Le passage articule la nature de l’expérience humaine, son impénétrabilité, son hermétisme, et la nature du langage, normé et convenu, pour faire apparaître la dissociation presque ontologique entre les deux ; c’est pourquoi le témoignage, car il se veut le rendu écrit de ce qui s’est passé, une transmission par le langage des « choses », est difficile, voire impossible. On retrouve presque à l’identique le même constat chez Lobo Antunes dont le narrateur, face aux innombrables blessures, plus horribles les unes que les autres, perd tous ses repères :

Jamais les mots ne m’ont semblé aussi superflus qu’en ces temps de cendre, dépourvus du sens que j’avais l’habitude de leur donner, privés de poids, de timbre, de signification, de couleur à mesure que je travaillais sur le moignon pelé d’un membre ou que j’introduisais, à nouveau, dans un ventre les intestins qui en débordaient (p.56)

Face à l’horreur, rendue par cette image extrêmement pathétique, le langage devient insuffisant car réduit à la réalité humaine, tandis que le vécu du narrateur appartient à l’inhumain, dans un sentiment similaire à la littérature post-seconde guerre mondiale.
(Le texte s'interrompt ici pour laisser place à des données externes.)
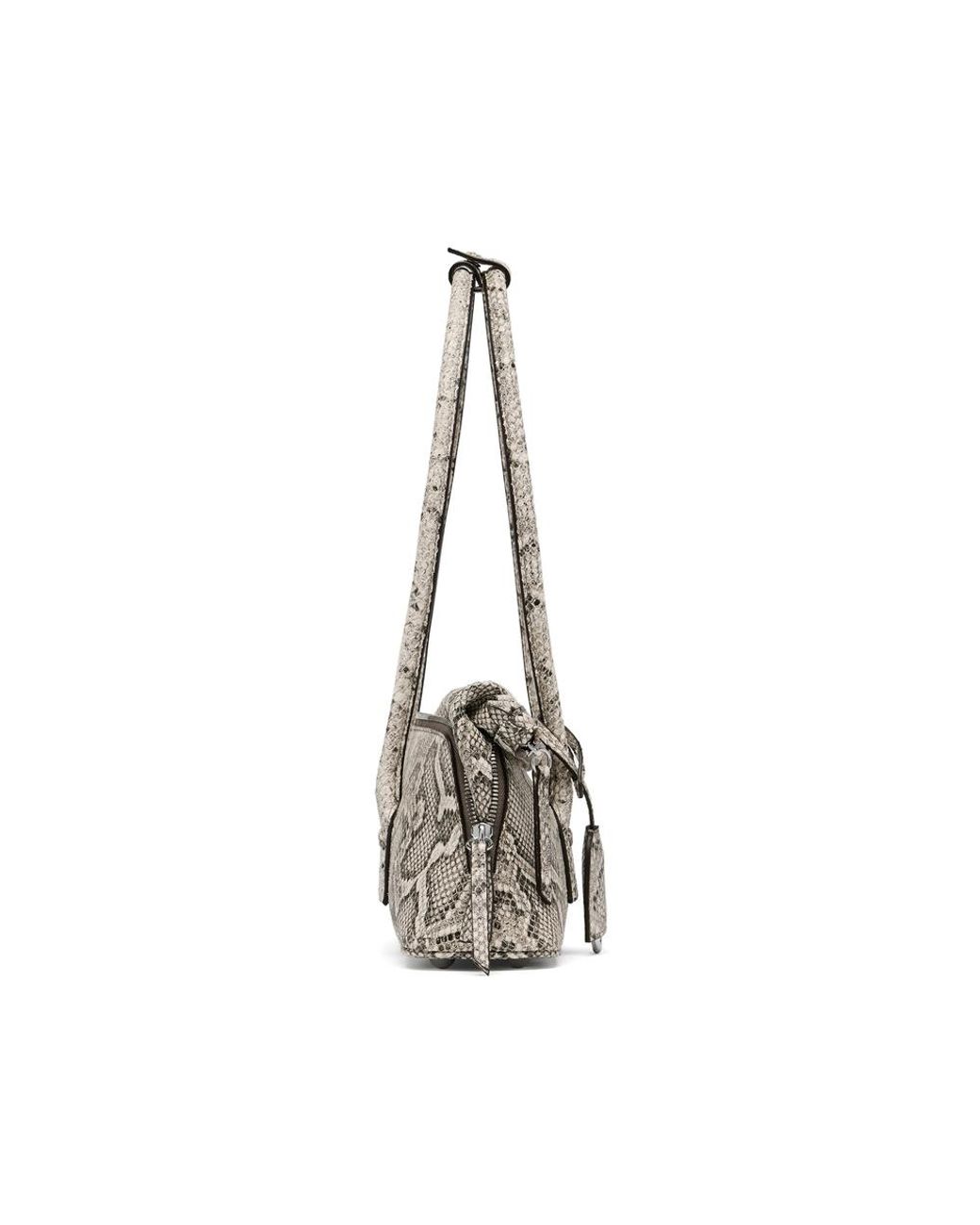 Maison Margiela Gray Shoulder Bag Goatskin- Goat Skin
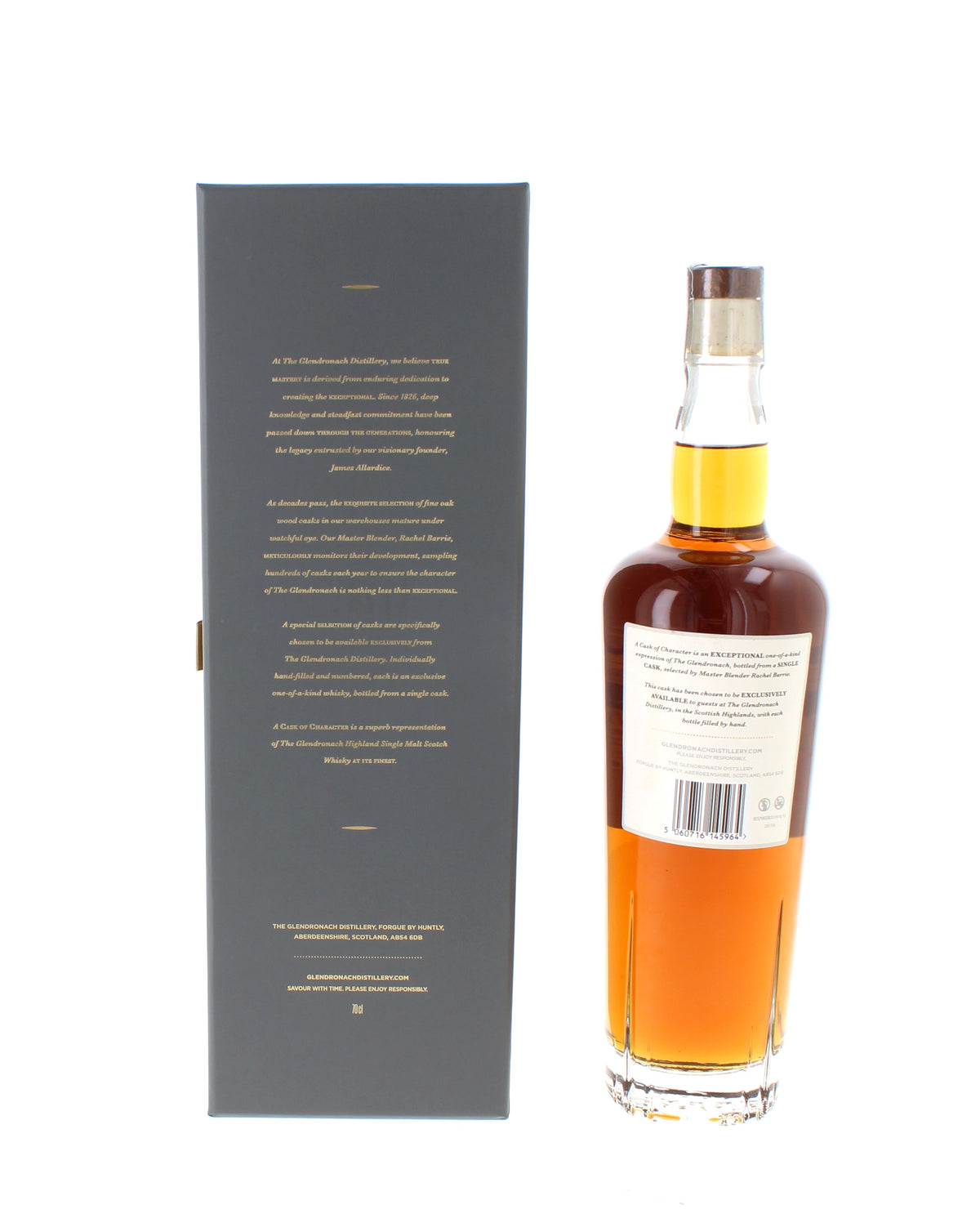 Glenronach 12 Year Old 2013 Amontillado Highland Single Malt - 70cl 61.8%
Lobo Antunes dira même, dans un entretien, qu’il a dû édulcorer l’horreur de la guerre pour rendre son témoignage plus plausible[1].
Les trois auteurs se confrontent à la non-coïncidence entre leur expérience et la tentative de reconstituer cette dernière dans un récit : les conventions du langage sont soit falsificatrices, soit insuffisantes. Dans chacun des cas, les récits sont également ceux des démêlés entre le langage et la réalité. (à relier avec « La précarité de la perception »). Le fait de ne pas pouvoir dire ce qu’on a vécu, ressenti, débouche sur la constatation de la solitude ontologique de la conscience.
La référence littéraire : Les réflexions de Sartre sur l’aventure dans La Nausée : « Pour que l’événement le plus banal devienne une aventure, il faut et il suffit qu’on se mette à le raconter. »


[1] « les détails de la guerre sont vrais. Mais ce ne sont pas les plus horribles. Cette guerre était incroyable de cruauté, et j’ai toujours eu l’impression que si je racontais les faits les plus violents, on ne me croirait pas, on les prendrait pour de la fiction. Alors j’ai choisi parmi les faits les plus vraisemblables » Quint A.M., « Entretien avec le romancier portugais António Lobo Antunes », in Les langues néolatines, n 1984, 248, 78ème année, fasc. 1., p. 93-100.